Визуальное народоведение империи, или «Увидеть русского дано не каждому»
Шрифт:
В 1820-е гг. в творчестве венециановцев была осуществлена дегероизация отечественного социального пространства. В отличие от послевоенных производителей лубков и расписных изделий, где народный герой дрейфовал от защитника родного дома до одиозного разбойника, Венецианов старательно освобождал «народность» от флера агрессии – «успокаивал» крестьянские типажи в живописном ландшафте, идеализировал созерцательность, покой, доброту и повседневный труд, нивелировал культурные различия помещиков и крестьян. Определяя себя и своих учеников как живописцев «народности», художник отказался от костюмного символизма, лицевой или телесной типизации, социальной и локальной приписки выбранного объекта.

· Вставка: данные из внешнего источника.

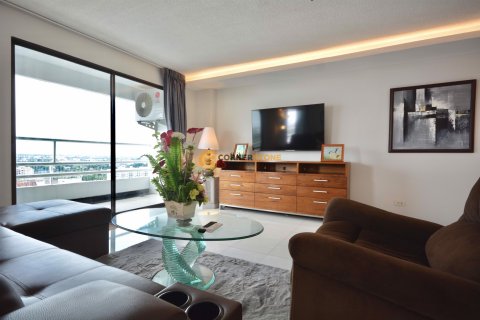 Студия в кондо на Пляж Джомтьен, Паттайя, Таиланд № 132164 - фото 2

В пространстве полотна групповая солидарность создавалась им посредством принципов живописности («любования простыми вещами») и естественности (рисования с натуры
После перевода достигнутых в художественном пространстве соглашений о форме и качествах объекта в тексты стало возможным их бытование в вербальном языке «в заархивированном виде». И поскольку выявленные конвенции не были ситуативными и слабо зависели от контекста высказывания, они позволяют говорить о тенденциях в трансформации ключевых категорий визуального языка самоописания Российской империи. В исследуемое время содержание понятия «народ» изменялось: от границ социальной страты (например, «крестьянин», «купец», «казак») и локального поселения («калужские», «томские», «валдайские») до «подданных короны» («русские народы»), культурной нации («русский народ» в трактовке Лепренса и Аткинсона) и этнической группы (в творчестве венециановцев).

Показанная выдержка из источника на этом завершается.